Each service is self contained and has its own UI, business logic, and data store. Both UI and data store are optional, the only minimum requirement for a service is the domain logic that it encapsulates.
The order in which you create microservices from your monolith will determine the complexity of the approach. The recommended approach is to start with capabilities that are fairly decoupled from the monolith i.e. they don’t require changes to many client facing applications. Then you should tackle some of the core functionality of the monolith and extract them out into ms one service at a time.
When you move out a capability from monolith, make sure you also decouple its data. This allows you to create a service that you are able to release/deploy independently and this principle should guide every decision you make around how to perform the decoupling. This also means you need a robust data migration strategy that allows your incrementally move data away from your central data store (that relates to the monolith).
It’s important to reiterate that the design of the service and the order in which services are extracted and/or built will determine the success of the migration.
Asynchronous Communication and Infrastructure setup
You will need to set up infrastructure and operational processes that allow you to do service registration and discovery, monitoring and logging, resiliency (take corrective actions during failure), devops, and (optionally) an api gateway.
There are 3 main integration patterns for the services to interact with each other:
Point to Point - services and clients talking to each other directly
Message broker - lightweight asynchronous messaging
API gateway - most common design pattern used in ms. It has minimal routing capabilities and acts as a ‘dumb pipe’ with no business logic inside.

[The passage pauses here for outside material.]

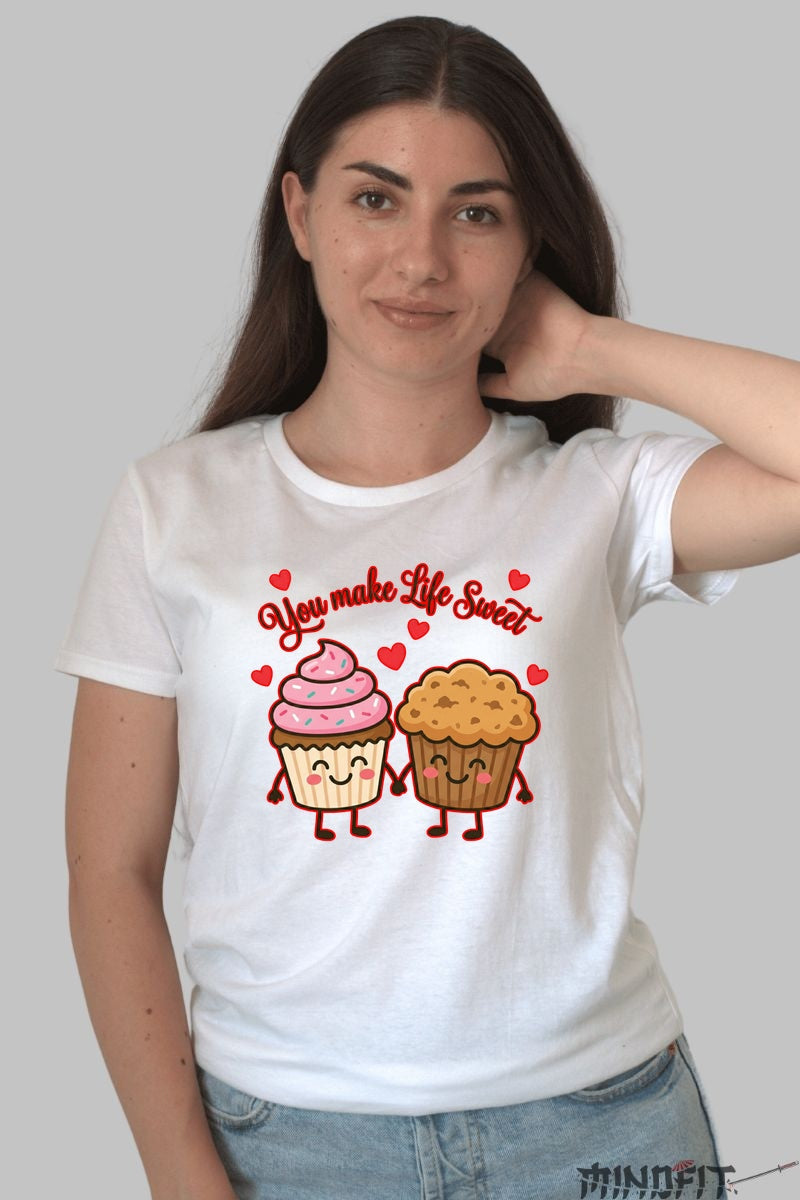 Tricou Valentine's Day Cuplu - You Make Life Sweet dama alb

API Gateway design pattern is becoming a popular “middleware” option for ms. It acts as a single point of entry for clients and exposes microservices to the outside world as managed APIs. It also additionally supports the following functions - load balancing, authentication and authorisation, failure handling, auditing, protocol translation and routing. You can either build your own api gateway or use an off the shelf product from a vendor.
Summary
Hopefully that gives you a flavour of the scope and effort involved in migrating a monolith to a microservice.